The paper merchant is bringing back a much-loved competition for designers and printers and to promote the use of Antalis papers.

Antalis has revived its design and print competition to draw attention to the range of creative paper in its portfolio.

The Antalis Review, which started out as the McNaughton Review in 1991, has been in abeyance in recent years. It is being relaunched in 2026 “as a reminder why print still cuts through” in an increasingly digital world.

Work from printers, designers and brands will qualify for submission provided they are printed on Antalis papers. The paper merchant says: “The competition will showcase genuine collaboration between designers, printers and brands, highlight the power of substrate choice in elevating a project, celebrate colour and print craft from print techniques to finishing and format, and inspire the industry with a curated collection of the most impactful work on Antalis papers.”

The presentation evening has always featured a memorable location, this being the atmospheric Crypt on the Green in Clerkenwell, London. But not until 29th April 2027. This enables work produced this year to qualify before judgement by a panel comprising production, design and marketing expertise early next year.

The organisers says the Review will recognise projects that push the boundaries of print, paper and finishing with 12 categories including publishing, marketing collateral, packaging and what it calls “experimental formats” covering the creative use of paper and print innovation.

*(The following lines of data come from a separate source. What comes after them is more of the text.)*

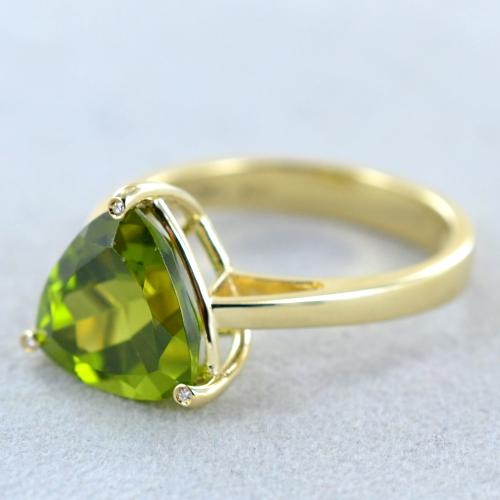 Anello Regolabile Donna Con Citrino Quadrato Verde E Peridoto – Placcato Platino – Fatto A Mano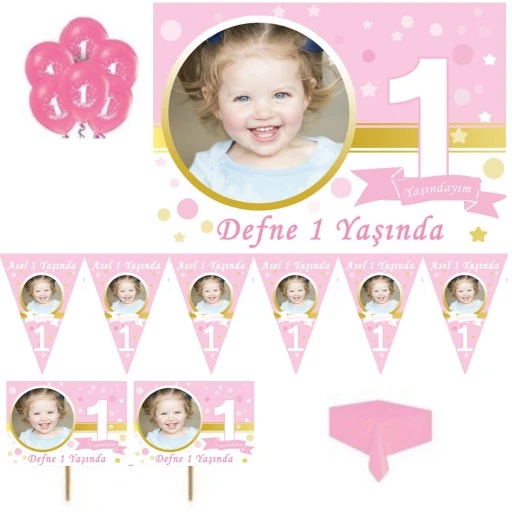 1 Yaş Doğum Günü Süsleri Afişli Kız Pırıltılı First Birhday Set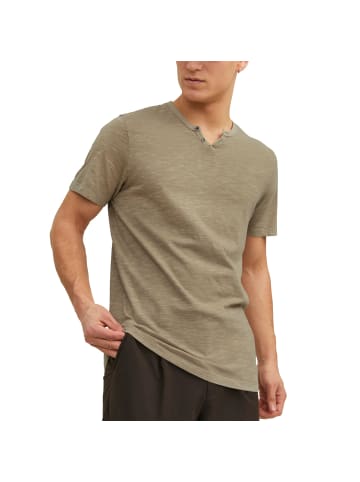Jack and Jones 1er Pack JJESPLIT Neck Tee SS in Beige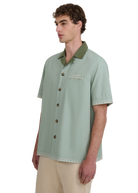 Embroidered Cuban Resort Shirt - Sage
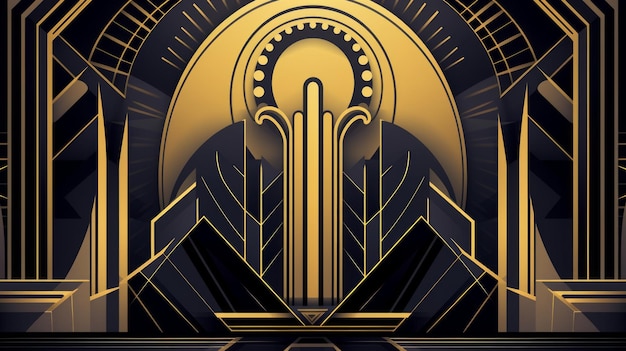 Um cartaz de estilo art déco de um design preto e dourado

The Creative range covers the Conqueror papers, its Keaycolour family. Olin colours, the Curious range of metallic and textured papers, Rives and Feltmark substrates. These cover litho and Indigo printing, which is recognised in the Review awards with separate categories.

Antalis is not alone in staging print contests. Fujifilm has announced the 2026 edition of its Innovation Print Awards, a competition for work printed on Fujifilm presses and to highlight “the new value created through digital printing technologies”. This is an international competition which attracted 256 entries from 15 countries last year, unlike the Antalis contest which is for UK produced work.